Daly has a rosier outlook.

“It was a difficult challenge for us because there was a learning curve with the recession and opening on Hollywood Boulevard with a fine-dining experience,” Daly said. “But I’d rather try and fail than never try at all.”

Judaken and Daly are using East as a base to launch a Syndicate division called Velvet Rope Productions. The private-event production department will allow them to stage more corporate and private parties, either at their nightclubs or offsite locations, and generate additional revenue.

Hospitality consultant Sinclair said it’s a smart move to target the corporate world.

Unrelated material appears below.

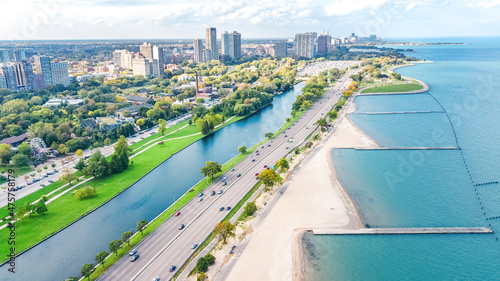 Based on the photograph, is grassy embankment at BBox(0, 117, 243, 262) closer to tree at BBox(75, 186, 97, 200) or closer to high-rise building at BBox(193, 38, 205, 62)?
tree at BBox(75, 186, 97, 200)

“If you were to look at it correctly,” Sinclair said. “The nightclub, and the service of goods to your customers at night, is there primarily to get out the word for day events and corporate parties because the margins are larger and the business is easier to operate. You don’t have the problems associated with running a nightclub.”

Daly’s even been toying with the idea of entering the hotel business, perhaps inspired by Nazarian. Nazarian is expanding his presence in the neighborhood. In addition to the SLS, he’s taking over what was to be Palihouse Hollywood. He is scheduled to open the hotel under the name Redbury on Sept. 1. (See the Retail and Apparel column, Page 6.)

But Daly will only follow Nazarian into hotels after Syndicate’s nightclub and corporate events businesses grow.

“If a hotel were to come to us and say, ‘We would like you to do our nightlife operations,’ and David wants to be Ian Schrager and I can be Rande Gerber, it would be fine by me,” Daly said. “That would be the ideal upward mobility for us.”